Background: Tepotinib is a MET TKI approved for METex14 skipping NSCLC. We report treatment sequencing prior/post tepotinib of immunotherapy (IO), chemotherapy (CT) and METi (post only) in VISION (data cut-off: Feb 20, 2022).
Methods: Patients with advanced/metastatic METex14 skipping NSCLC received 500 mg (450 mg active moiety) tepotinib QD. Primary endpoint was objective response (RECIST 1.1) by IRC. Prior/post tepotinib treatment was investigator’s choice; outcomes were reported per investigator.
Results: Of 313 patients (median age 72), 164 were treatment‑naïve (median age 74) and 149 pre-treated (median age 70.8). Among pre-treated patients, the most common 1L regimens prior to enrolling in VISION were platinum-CT without IO (58%), IO monotherapy (23%) and IO-CT (13%).
Across all those prior 1L regimens, median treatment duration was 4 months (IQR 1.8–7.3), with an ORR of 24.8%, mDOR of 6.0 months, and mPFS of 4.0 months. 1L treatment outcomes with tepotinib were greatly improved (ORR, 56.1%; mDOR, 46.4 months; mPFS, 12.6 months).

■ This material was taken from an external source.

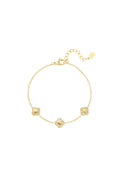 Armband klaver met patroon Goud kleur Stainless Steel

Overall, 265 patients (84.7%) discontinued tepotinib; 124 patients (46.8%) received subsequent treatment. 48 patients received subsequent METi (crizotinib, n=20; capmatinib, n=15; bozitinib, n=4; tepotinib, n=3; amivantamab, n=3; cabozantinib, n=3; other, n=4; different METi in subsequent lines, n=4). 31 patients received subsequent METi immediately after tepotinib (1L, n=11; 2L+, n=20). BOR across all subsequent METi was 3 PR (all after a break in METi treatment), 11 SD; longest mDOR and mPFS were 4.0 and 2.5 months, respectively. Outcomes with subsequent CT/IO were comparable to prior CT/IO as well as those in literature.
Conclusions: Robust and durable efficacy, particularly in the 1L setting, support early use of tepotinib in the treatment sequence. Almost half of this elderly population received subsequent treatment, higher than the 20%–30% reported for 1L CT/IO IPSOS trial in elderly patients (median age 75). METi treatment sequencing analyses are ongoing.